* Task item: All of the data should be restated exactly as it stands.

* Material to process:
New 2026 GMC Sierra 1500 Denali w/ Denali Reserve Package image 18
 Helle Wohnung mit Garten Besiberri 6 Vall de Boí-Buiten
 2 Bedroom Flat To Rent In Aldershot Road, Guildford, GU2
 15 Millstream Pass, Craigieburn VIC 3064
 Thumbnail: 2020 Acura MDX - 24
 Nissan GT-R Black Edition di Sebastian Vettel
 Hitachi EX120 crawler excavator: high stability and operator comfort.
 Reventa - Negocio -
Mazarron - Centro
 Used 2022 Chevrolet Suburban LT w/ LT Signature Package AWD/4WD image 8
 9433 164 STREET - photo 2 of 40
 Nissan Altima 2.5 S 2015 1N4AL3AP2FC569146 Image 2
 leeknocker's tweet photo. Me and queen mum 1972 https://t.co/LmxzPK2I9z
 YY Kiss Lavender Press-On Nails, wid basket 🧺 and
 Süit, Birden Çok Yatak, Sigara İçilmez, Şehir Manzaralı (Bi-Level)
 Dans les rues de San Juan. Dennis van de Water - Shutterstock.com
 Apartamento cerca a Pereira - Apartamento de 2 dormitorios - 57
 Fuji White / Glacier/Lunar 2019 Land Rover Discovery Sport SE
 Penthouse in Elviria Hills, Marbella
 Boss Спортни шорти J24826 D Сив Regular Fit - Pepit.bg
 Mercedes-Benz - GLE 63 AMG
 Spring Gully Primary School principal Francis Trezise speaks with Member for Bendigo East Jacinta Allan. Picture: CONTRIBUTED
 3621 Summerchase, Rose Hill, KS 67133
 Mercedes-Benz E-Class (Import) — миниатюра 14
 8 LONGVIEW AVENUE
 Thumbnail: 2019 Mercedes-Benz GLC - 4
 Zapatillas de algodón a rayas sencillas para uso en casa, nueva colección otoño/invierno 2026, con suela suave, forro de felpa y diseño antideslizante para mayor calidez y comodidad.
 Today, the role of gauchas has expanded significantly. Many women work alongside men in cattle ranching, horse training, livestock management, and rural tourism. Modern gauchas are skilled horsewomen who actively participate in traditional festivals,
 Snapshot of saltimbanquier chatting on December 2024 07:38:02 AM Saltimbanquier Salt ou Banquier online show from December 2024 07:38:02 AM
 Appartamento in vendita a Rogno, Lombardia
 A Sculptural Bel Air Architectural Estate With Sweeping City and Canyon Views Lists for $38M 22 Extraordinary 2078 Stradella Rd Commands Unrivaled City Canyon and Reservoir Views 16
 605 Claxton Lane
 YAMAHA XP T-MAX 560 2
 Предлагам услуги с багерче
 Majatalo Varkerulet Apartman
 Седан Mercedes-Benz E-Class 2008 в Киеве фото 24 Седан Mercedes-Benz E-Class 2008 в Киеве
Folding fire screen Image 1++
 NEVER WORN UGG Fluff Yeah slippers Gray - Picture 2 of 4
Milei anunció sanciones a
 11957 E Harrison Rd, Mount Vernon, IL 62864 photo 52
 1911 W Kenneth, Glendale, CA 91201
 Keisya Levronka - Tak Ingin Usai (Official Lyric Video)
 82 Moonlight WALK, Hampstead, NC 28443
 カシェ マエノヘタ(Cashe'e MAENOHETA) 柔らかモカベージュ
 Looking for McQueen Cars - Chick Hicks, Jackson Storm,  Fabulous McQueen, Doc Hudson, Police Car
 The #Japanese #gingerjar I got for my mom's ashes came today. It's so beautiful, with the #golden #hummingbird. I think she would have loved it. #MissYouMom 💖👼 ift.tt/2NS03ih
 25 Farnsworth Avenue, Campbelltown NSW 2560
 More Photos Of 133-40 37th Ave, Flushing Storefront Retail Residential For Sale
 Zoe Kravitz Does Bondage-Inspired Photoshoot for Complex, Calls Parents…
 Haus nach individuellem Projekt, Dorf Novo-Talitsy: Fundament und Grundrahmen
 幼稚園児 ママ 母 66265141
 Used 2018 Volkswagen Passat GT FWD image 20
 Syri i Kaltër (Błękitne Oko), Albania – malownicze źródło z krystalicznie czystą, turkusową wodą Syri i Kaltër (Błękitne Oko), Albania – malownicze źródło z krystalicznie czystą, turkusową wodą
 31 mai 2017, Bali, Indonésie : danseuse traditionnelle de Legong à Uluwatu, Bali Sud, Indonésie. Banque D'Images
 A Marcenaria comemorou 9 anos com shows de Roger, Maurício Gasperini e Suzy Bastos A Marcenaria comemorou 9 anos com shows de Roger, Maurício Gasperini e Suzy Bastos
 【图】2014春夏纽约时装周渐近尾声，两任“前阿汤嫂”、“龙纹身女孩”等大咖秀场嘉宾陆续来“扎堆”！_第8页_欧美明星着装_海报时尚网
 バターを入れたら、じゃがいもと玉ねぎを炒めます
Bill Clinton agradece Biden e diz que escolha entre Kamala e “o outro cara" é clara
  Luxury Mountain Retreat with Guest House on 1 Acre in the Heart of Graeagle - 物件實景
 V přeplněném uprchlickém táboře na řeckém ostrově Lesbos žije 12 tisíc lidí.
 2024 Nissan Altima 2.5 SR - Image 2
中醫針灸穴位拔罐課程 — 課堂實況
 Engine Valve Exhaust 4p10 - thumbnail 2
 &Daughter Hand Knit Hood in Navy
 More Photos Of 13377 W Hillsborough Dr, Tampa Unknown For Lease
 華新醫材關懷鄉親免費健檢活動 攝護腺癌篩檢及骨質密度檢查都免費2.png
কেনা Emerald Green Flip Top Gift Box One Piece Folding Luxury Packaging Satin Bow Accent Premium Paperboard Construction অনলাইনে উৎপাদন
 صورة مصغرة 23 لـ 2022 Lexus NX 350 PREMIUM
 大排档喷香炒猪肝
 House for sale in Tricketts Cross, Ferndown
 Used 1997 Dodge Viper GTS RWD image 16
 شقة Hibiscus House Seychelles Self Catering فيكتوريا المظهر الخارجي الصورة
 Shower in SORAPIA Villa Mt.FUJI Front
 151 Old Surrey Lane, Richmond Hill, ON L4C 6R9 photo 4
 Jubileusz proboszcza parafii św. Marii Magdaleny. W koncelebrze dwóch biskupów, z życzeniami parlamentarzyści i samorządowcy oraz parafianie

* Response to the exercise:
New 2026 GMC Sierra 1500 Denali w/ Denali Reserve Package image 18
 Helle Wohnung mit Garten Besiberri 6 Vall de Boí-Buiten
 2 Bedroom Flat To Rent In Aldershot Road, Guildford, GU2
 15 Millstream Pass, Craigieburn VIC 3064
 Thumbnail: 2020 Acura MDX - 24
 Nissan GT-R Black Edition di Sebastian Vettel
 Hitachi EX120 crawler excavator: high stability and operator comfort.
 Reventa - Negocio -
Mazarron - Centro
 Used 2022 Chevrolet Suburban LT w/ LT Signature Package AWD/4WD image 8
 9433 164 STREET - photo 2 of 40
 Nissan Altima 2.5 S 2015 1N4AL3AP2FC569146 Image 2
 leeknocker's tweet photo. Me and queen mum 1972 https://t.co/LmxzPK2I9z
 YY Kiss Lavender Press-On Nails, wid basket 🧺 and
 Süit, Birden Çok Yatak, Sigara İçilmez, Şehir Manzaralı (Bi-Level)
 Dans les rues de San Juan. Dennis van de Water - Shutterstock.com
 Apartamento cerca a Pereira - Apartamento de 2 dormitorios - 57
 Fuji White / Glacier/Lunar 2019 Land Rover Discovery Sport SE
 Penthouse in Elviria Hills, Marbella
 Boss Спортни шорти J24826 D Сив Regular Fit - Pepit.bg
 Mercedes-Benz - GLE 63 AMG
 Spring Gully Primary School principal Francis Trezise speaks with Member for Bendigo East Jacinta Allan. Picture: CONTRIBUTED
 3621 Summerchase, Rose Hill, KS 67133
 Mercedes-Benz E-Class (Import) — миниатюра 14
 8 LONGVIEW AVENUE
 Thumbnail: 2019 Mercedes-Benz GLC - 4
 Zapatillas de algodón a rayas sencillas para uso en casa, nueva colección otoño/invierno 2026, con suela suave, forro de felpa y diseño antideslizante para mayor calidez y comodidad.
 Today, the role of gauchas has expanded significantly. Many women work alongside men in cattle ranching, horse training, livestock management, and rural tourism. Modern gauchas are skilled horsewomen who actively participate in traditional festivals,
 Snapshot of saltimbanquier chatting on December 2024 07:38:02 AM Saltimbanquier Salt ou Banquier online show from December 2024 07:38:02 AM
 Appartamento in vendita a Rogno, Lombardia
 A Sculptural Bel Air Architectural Estate With Sweeping City and Canyon Views Lists for $38M 22 Extraordinary 2078 Stradella Rd Commands Unrivaled City Canyon and Reservoir Views 16
 605 Claxton Lane
 YAMAHA XP T-MAX 560 2
 Предлагам услуги с багерче
 Majatalo Varkerulet Apartman
 Седан Mercedes-Benz E-Class 2008 в Киеве фото 24 Седан Mercedes-Benz E-Class 2008 в Киеве
Folding fire screen Image 1++
 NEVER WORN UGG Fluff Yeah slippers Gray - Picture 2 of 4
Milei anunció sanciones a
 11957 E Harrison Rd, Mount Vernon, IL 62864 photo 52
 1911 W Kenneth, Glendale, CA 91201
 Keisya Levronka - Tak Ingin Usai (Official Lyric Video)
 82 Moonlight WALK, Hampstead, NC 28443
 カシェ マエノヘタ(Cashe'e MAENOHETA) 柔らかモカベージュ
 Looking for McQueen Cars - Chick Hicks, Jackson Storm,  Fabulous McQueen, Doc Hudson, Police Car
 The #Japanese #gingerjar I got for my mom's ashes came today. It's so beautiful, with the #golden #hummingbird. I think she would have loved it. #MissYouMom 💖👼 ift.tt/2NS03ih
 25 Farnsworth Avenue, Campbelltown NSW 2560
 More Photos Of 133-40 37th Ave, Flushing Storefront Retail Residential For Sale
 Zoe Kravitz Does Bondage-Inspired Photoshoot for Complex, Calls Parents…
 Haus nach individuellem Projekt, Dorf Novo-Talitsy: Fundament und Grundrahmen
 幼稚園児 ママ 母 66265141
 Used 2018 Volkswagen Passat GT FWD image 20
 Syri i Kaltër (Błękitne Oko), Albania – malownicze źródło z krystalicznie czystą, turkusową wodą Syri i Kaltër (Błękitne Oko), Albania – malownicze źródło z krystalicznie czystą, turkusową wodą
 31 mai 2017, Bali, Indonésie : danseuse traditionnelle de Legong à Uluwatu, Bali Sud, Indonésie. Banque D'Images
 A Marcenaria comemorou 9 anos com shows de Roger, Maurício Gasperini e Suzy Bastos A Marcenaria comemorou 9 anos com shows de Roger, Maurício Gasperini e Suzy Bastos
 【图】2014春夏纽约时装周渐近尾声，两任“前阿汤嫂”、“龙纹身女孩”等大咖秀场嘉宾陆续来“扎堆”！_第8页_欧美明星着装_海报时尚网
 バターを入れたら、じゃがいもと玉ねぎを炒めます
Bill Clinton agradece Biden e diz que escolha entre Kamala e “o outro cara" é clara
  Luxury Mountain Retreat with Guest House on 1 Acre in the Heart of Graeagle - 物件實景
 V přeplněném uprchlickém táboře na řeckém ostrově Lesbos žije 12 tisíc lidí.
 2024 Nissan Altima 2.5 SR - Image 2
中醫針灸穴位拔罐課程 — 課堂實況
 Engine Valve Exhaust 4p10 - thumbnail 2
 &Daughter Hand Knit Hood in Navy
 More Photos Of 13377 W Hillsborough Dr, Tampa Unknown For Lease
 華新醫材關懷鄉親免費健檢活動 攝護腺癌篩檢及骨質密度檢查都免費2.png
কেনা Emerald Green Flip Top Gift Box One Piece Folding Luxury Packaging Satin Bow Accent Premium Paperboard Construction অনলাইনে উৎপাদন
 صورة مصغرة 23 لـ 2022 Lexus NX 350 PREMIUM
 大排档喷香炒猪肝
 House for sale in Tricketts Cross, Ferndown
 Used 1997 Dodge Viper GTS RWD image 16
 شقة Hibiscus House Seychelles Self Catering فيكتوريا المظهر الخارجي الصورة
 Shower in SORAPIA Villa Mt.FUJI Front
 151 Old Surrey Lane, Richmond Hill, ON L4C 6R9 photo 4
 Jubileusz proboszcza parafii św. Marii Magdaleny. W koncelebrze dwóch biskupów, z życzeniami parlamentarzyści i samorządowcy oraz parafianie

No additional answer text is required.